Provided material:
<<<<

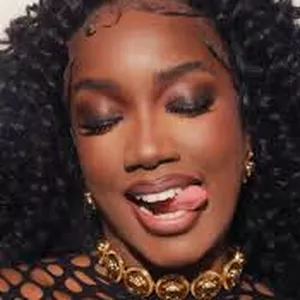 Imagem de capa para o Curso online Maquiagem e música pra vida (Produto Teste)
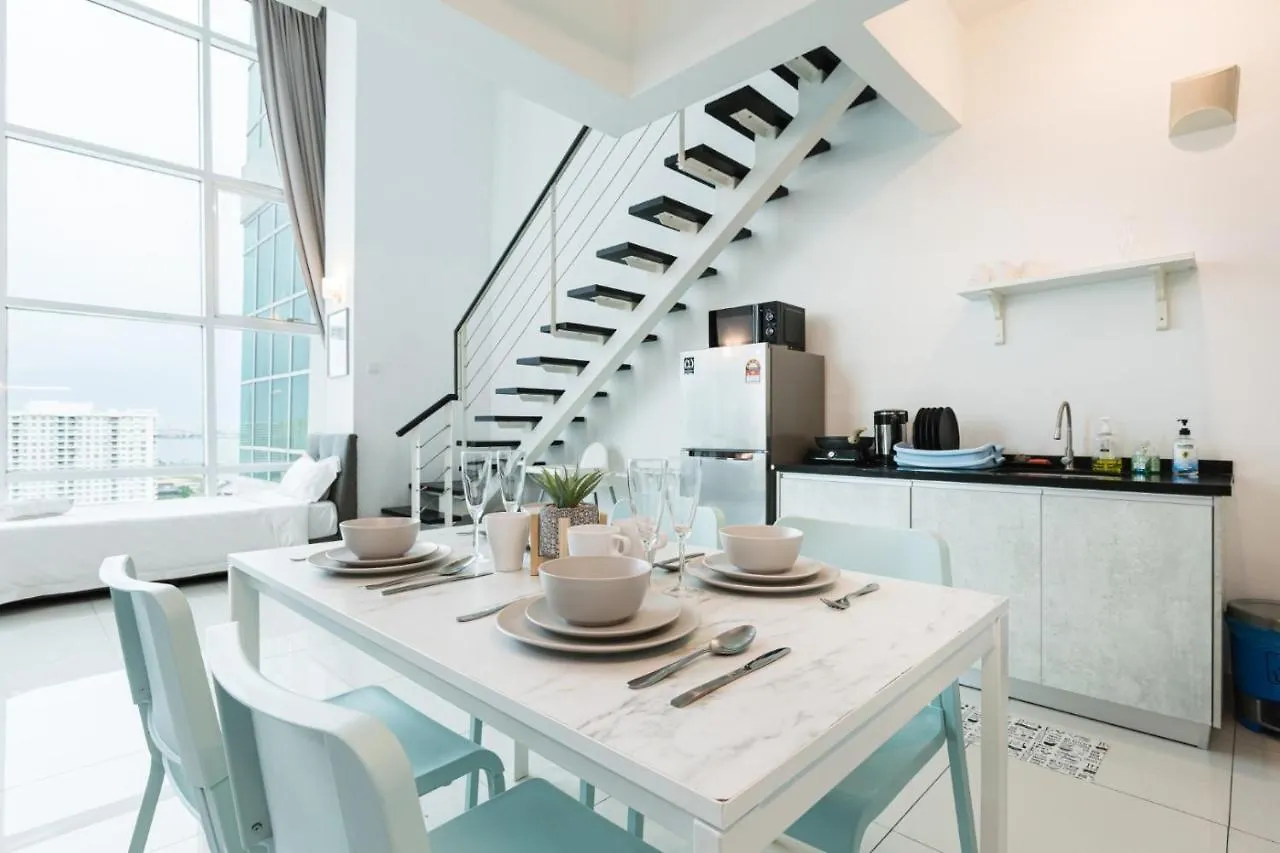 Maritime Suite Apartment By Dwell George Town 0*,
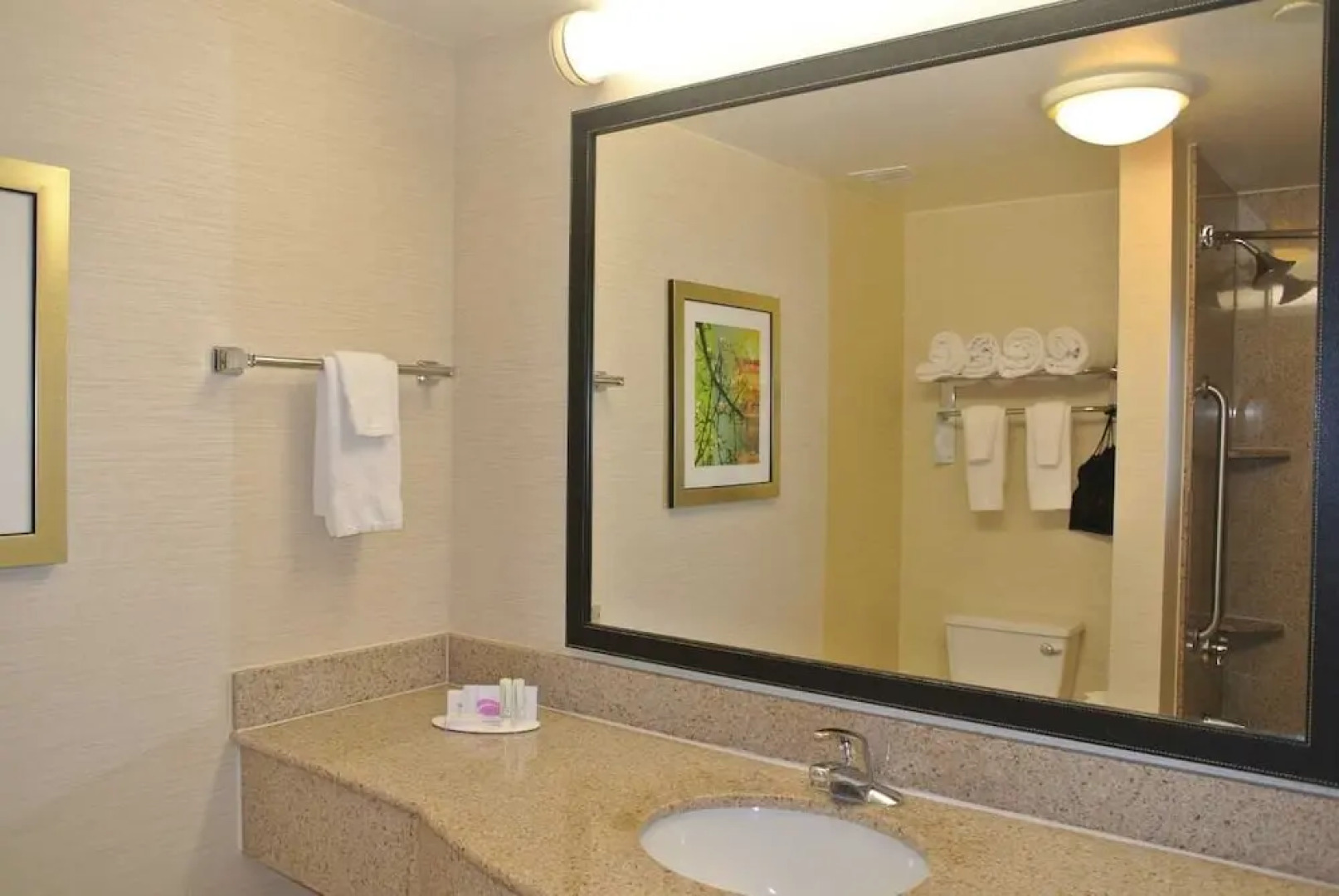 Fairfield Inn & Suites Marshall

>>>>

Activity: Take the material above and set it down exactly, minus the images.

Answer to this exercise:
 Imagem de capa para o Curso online Maquiagem e música pra vida (Produto Teste)
 Maritime Suite Apartment By Dwell George Town 0*,
 Fairfield Inn & Suites Marshall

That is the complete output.